September 18 – December 28, 1997
Royal Academy of Arts, London UK, and touring
Curators: Norman Rosenthal and Charles Saatchi
Charles Saatchi's massive, scandalous exhibition probably had the biggest impact on the art market of any exhibition in the entire history of contemporary art. It was here that Chris Ofili's The Holy Virgin Mary set off a virtual war between the Catholic Church and the art world, imbricating New York's judicial system in the process. (Ofili's painting of the Holy Virgin Mary includes balls of elephant dung and cutouts from pornographic magazines.) Such shock tactics and dark humor abounded; reading the works' titles alone gives one the general idea: included here were Ron Mueck's Dead Dad (1996–97) and Jake and Dinos Chapman's Tragic Anatomies: Cunt Chops (1996), for example. The exhibition brought fast global attention to the "Young British Artists"Tracey Emin, Alex Hartley, Damien Hirst, Marc Quinn, Fiona Rae, Yinka Shonibare, Gillian Wearing, and Rachel Whiteread.
"WACK!: ART AND THE FEMINIST REVOLUTION"
March 4 – July 16, 2007
The Geffen Contemporary at The Museum of Contemporary Art, Los Angeles; traveled to Washington, DC, PS1 in Queens, Vancouver
Curator: Cornelia Butler
As of 2013, New York's Museum of Modern Art had only dedicated four solo exhibitions in its main galleries to female artists in its entire history. MoMA is working on correcting that deficiency now, but the statistic is a sad reminder of the neglect that female artists have experienced in the history of modern and contemporary art.
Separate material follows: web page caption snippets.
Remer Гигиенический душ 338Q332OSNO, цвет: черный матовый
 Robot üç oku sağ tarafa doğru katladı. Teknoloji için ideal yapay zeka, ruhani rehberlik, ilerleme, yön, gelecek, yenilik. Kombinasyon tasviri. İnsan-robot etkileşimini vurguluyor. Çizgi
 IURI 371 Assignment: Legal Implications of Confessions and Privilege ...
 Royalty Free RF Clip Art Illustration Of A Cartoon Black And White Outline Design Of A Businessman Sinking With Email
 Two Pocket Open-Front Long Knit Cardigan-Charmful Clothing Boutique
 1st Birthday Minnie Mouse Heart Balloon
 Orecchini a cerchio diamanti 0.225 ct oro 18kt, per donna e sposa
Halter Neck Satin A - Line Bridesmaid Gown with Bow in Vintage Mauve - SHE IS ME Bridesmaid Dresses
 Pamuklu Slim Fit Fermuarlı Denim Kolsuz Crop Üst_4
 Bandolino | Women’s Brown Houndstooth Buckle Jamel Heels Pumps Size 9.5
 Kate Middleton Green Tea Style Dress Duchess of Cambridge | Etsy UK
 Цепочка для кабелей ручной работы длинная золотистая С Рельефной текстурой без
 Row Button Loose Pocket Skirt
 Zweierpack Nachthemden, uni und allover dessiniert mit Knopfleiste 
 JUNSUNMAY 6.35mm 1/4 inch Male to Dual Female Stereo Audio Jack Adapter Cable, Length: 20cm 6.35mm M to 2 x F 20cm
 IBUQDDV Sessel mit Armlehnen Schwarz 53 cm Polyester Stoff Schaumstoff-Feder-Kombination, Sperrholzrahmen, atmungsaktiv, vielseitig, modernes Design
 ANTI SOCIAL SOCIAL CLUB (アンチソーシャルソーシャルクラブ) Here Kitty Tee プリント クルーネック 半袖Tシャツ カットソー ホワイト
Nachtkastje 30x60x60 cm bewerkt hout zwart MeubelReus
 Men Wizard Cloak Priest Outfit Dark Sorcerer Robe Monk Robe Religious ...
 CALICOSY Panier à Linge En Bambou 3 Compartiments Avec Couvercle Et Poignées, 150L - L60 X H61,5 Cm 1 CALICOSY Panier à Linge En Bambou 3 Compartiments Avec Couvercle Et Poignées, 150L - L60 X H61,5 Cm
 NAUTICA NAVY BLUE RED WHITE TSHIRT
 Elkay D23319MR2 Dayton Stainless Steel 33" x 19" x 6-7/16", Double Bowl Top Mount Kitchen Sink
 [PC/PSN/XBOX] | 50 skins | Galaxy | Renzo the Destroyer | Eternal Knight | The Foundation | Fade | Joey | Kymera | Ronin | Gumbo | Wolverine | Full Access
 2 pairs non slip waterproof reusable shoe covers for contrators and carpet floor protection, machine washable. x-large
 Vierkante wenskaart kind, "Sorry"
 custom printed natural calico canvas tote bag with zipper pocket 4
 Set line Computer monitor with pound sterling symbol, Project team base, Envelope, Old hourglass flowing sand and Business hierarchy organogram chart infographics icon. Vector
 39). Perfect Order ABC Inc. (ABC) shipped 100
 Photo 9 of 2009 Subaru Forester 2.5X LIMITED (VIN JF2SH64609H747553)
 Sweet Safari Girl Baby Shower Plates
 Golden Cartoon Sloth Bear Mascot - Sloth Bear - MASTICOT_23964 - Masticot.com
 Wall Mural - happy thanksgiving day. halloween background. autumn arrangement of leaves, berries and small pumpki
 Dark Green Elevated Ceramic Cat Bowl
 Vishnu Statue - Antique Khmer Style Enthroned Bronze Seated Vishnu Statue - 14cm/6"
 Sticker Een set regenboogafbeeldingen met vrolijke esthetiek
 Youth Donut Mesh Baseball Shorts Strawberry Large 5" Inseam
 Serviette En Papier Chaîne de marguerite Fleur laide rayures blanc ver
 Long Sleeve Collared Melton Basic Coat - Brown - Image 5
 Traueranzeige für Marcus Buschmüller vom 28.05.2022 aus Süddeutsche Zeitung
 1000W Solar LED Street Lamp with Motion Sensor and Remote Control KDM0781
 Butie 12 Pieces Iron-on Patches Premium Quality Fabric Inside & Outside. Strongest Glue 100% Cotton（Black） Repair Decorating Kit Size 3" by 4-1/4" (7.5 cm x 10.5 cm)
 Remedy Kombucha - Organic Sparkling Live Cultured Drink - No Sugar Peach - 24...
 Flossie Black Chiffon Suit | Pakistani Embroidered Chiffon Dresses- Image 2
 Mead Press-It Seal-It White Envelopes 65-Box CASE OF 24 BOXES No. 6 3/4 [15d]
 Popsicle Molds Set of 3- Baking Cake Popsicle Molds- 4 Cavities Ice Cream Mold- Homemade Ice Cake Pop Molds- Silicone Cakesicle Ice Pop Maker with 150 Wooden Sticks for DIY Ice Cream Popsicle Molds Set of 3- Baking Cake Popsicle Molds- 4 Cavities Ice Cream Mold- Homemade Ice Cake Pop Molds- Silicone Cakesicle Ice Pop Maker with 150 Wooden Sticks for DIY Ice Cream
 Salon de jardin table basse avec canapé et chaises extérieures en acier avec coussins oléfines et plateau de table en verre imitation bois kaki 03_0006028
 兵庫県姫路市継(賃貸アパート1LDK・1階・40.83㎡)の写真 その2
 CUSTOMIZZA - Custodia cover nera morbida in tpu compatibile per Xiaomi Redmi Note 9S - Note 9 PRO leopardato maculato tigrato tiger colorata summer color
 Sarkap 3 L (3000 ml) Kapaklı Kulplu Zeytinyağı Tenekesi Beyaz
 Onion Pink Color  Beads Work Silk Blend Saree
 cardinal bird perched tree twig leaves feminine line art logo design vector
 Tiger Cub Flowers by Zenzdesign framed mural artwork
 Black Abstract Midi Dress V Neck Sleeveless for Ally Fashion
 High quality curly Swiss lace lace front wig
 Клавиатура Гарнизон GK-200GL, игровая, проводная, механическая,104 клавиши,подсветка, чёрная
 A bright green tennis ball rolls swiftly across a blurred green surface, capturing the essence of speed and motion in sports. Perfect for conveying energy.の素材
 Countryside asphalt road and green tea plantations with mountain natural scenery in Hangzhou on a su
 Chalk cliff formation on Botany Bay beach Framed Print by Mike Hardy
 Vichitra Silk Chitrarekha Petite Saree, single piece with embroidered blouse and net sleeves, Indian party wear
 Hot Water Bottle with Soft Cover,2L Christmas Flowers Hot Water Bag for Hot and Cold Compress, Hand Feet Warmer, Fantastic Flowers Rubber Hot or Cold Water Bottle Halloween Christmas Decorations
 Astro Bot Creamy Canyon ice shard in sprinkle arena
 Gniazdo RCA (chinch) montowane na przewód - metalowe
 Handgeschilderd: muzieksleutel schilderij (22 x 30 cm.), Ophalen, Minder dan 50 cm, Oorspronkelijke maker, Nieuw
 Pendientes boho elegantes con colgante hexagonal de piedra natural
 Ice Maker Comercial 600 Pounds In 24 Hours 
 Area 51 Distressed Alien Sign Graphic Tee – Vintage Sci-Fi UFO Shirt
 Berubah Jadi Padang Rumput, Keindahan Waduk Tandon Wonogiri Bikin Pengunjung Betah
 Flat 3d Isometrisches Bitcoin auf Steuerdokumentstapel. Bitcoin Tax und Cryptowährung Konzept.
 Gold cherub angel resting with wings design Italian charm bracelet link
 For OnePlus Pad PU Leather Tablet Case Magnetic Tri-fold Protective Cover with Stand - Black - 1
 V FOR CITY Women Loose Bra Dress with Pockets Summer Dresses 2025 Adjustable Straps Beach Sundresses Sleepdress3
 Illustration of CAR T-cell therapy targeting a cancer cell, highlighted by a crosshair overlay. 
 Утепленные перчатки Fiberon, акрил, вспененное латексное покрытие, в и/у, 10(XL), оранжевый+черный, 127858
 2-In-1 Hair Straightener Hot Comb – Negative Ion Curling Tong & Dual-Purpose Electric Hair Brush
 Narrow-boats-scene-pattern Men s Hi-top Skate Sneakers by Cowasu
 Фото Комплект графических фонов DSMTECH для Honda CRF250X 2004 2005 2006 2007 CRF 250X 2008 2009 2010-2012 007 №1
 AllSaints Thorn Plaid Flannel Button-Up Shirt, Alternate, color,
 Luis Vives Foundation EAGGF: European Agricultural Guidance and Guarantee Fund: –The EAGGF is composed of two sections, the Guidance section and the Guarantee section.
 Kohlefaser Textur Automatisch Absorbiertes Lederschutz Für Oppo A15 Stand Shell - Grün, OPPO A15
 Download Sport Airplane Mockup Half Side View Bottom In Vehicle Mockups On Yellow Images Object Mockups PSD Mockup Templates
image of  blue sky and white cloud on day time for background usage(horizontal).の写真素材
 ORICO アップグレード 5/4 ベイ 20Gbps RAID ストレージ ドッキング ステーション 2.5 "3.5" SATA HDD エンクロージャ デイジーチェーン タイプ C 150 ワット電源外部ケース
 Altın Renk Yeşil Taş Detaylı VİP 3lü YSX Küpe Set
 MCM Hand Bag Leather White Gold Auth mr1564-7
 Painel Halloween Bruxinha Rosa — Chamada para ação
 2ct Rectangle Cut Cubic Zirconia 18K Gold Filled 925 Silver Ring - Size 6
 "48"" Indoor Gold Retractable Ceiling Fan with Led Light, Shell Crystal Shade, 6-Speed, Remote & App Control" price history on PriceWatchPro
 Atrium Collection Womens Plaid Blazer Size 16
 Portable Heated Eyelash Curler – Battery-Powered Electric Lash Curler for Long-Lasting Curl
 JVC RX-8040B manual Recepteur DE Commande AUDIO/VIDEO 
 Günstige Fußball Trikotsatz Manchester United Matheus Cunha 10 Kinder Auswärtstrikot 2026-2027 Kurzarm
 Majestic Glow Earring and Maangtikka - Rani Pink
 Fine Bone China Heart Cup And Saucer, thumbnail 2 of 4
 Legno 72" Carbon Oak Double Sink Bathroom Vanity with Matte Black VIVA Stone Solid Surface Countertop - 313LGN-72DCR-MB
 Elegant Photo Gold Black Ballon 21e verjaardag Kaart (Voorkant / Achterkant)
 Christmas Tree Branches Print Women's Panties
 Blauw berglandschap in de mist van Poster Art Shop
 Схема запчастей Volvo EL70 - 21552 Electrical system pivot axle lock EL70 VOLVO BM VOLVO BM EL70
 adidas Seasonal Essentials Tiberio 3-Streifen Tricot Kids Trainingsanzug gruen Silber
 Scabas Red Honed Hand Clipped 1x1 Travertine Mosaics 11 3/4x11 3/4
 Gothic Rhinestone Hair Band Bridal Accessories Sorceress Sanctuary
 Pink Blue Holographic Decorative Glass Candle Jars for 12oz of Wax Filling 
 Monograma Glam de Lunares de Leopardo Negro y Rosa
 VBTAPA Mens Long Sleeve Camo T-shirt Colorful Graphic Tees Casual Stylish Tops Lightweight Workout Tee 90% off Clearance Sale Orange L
The 2014 Whitney Biennial featured an entire section of all-female painters, and the Bruce High Quality Foundation's biennial, taking things a step further, was entirely female-only. These are good correctives to the fact that women artists are still massively underrepresented in major museums and in art history.
Eight years of preparation went into crafting "WACK," the first comprehensive effort to correct modern art history's shameful gender bias, focusing on work that emerged from the feminist art movement of 1965 through the 1980s and organized by theme. It solidified the historical importance of the work of female artists like Lynda Benglis, Dara Birnbaum, Judy Chicago, Jay Defeo, Isa Genzken,Lee Lozano, Ana Mendieta, Marta Minujin, Yvonne Rainer, Carolee Schneemann, Nancy Spero, Francesca Woodman, and Lygia Clark—the latter of which is the subject of an upcoming major retrospective exhibition at MoMA.